> _TASK GOAL_: Your answer must match the entries below word for word.

> _EXERCISE DATA_:
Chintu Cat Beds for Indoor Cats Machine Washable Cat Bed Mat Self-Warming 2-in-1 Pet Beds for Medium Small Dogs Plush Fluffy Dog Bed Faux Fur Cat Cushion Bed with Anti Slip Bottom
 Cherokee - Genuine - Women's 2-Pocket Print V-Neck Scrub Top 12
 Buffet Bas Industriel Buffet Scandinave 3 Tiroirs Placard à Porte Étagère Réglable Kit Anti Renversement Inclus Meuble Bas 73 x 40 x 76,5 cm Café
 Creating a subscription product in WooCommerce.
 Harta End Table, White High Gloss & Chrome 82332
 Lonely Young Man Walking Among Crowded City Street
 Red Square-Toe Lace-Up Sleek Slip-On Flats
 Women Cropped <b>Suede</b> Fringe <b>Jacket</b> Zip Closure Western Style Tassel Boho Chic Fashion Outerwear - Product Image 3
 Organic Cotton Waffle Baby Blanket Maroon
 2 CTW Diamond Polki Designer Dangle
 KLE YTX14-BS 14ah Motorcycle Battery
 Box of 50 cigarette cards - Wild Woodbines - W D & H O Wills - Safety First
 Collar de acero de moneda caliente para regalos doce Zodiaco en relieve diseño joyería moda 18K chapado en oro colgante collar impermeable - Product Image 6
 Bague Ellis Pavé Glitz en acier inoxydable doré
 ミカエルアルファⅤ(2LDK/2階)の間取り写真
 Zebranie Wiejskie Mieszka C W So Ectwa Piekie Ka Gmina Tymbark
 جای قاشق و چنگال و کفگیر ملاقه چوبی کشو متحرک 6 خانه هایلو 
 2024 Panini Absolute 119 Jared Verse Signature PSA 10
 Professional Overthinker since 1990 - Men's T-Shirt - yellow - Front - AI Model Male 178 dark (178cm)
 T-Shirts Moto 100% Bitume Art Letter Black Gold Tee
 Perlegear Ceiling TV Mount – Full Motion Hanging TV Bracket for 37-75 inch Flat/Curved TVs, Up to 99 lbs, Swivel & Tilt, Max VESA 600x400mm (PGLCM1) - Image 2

> _FINAL ANSWER_:
Chintu Cat Beds for Indoor Cats Machine Washable Cat Bed Mat Self-Warming 2-in-1 Pet Beds for Medium Small Dogs Plush Fluffy Dog Bed Faux Fur Cat Cushion Bed with Anti Slip Bottom
 Cherokee - Genuine - Women's 2-Pocket Print V-Neck Scrub Top 12
 Buffet Bas Industriel Buffet Scandinave 3 Tiroirs Placard à Porte Étagère Réglable Kit Anti Renversement Inclus Meuble Bas 73 x 40 x 76,5 cm Café
 Creating a subscription product in WooCommerce.
 Harta End Table, White High Gloss & Chrome 82332
 Lonely Young Man Walking Among Crowded City Street
 Red Square-Toe Lace-Up Sleek Slip-On Flats
 Women Cropped <b>Suede</b> Fringe <b>Jacket</b> Zip Closure Western Style Tassel Boho Chic Fashion Outerwear - Product Image 3
 Organic Cotton Waffle Baby Blanket Maroon
 2 CTW Diamond Polki Designer Dangle
 KLE YTX14-BS 14ah Motorcycle Battery
 Box of 50 cigarette cards - Wild Woodbines - W D & H O Wills - Safety First
 Collar de acero de moneda caliente para regalos doce Zodiaco en relieve diseño joyería moda 18K chapado en oro colgante collar impermeable - Product Image 6
 Bague Ellis Pavé Glitz en acier inoxydable doré
 ミカエルアルファⅤ(2LDK/2階)の間取り写真
 Zebranie Wiejskie Mieszka C W So Ectwa Piekie Ka Gmina Tymbark
 جای قاشق و چنگال و کفگیر ملاقه چوبی کشو متحرک 6 خانه هایلو 
 2024 Panini Absolute 119 Jared Verse Signature PSA 10
 Professional Overthinker since 1990 - Men's T-Shirt - yellow - Front - AI Model Male 178 dark (178cm)
 T-Shirts Moto 100% Bitume Art Letter Black Gold Tee
 Perlegear Ceiling TV Mount – Full Motion Hanging TV Bracket for 37-75 inch Flat/Curved TVs, Up to 99 lbs, Swivel & Tilt, Max VESA 600x400mm (PGLCM1) - Image 2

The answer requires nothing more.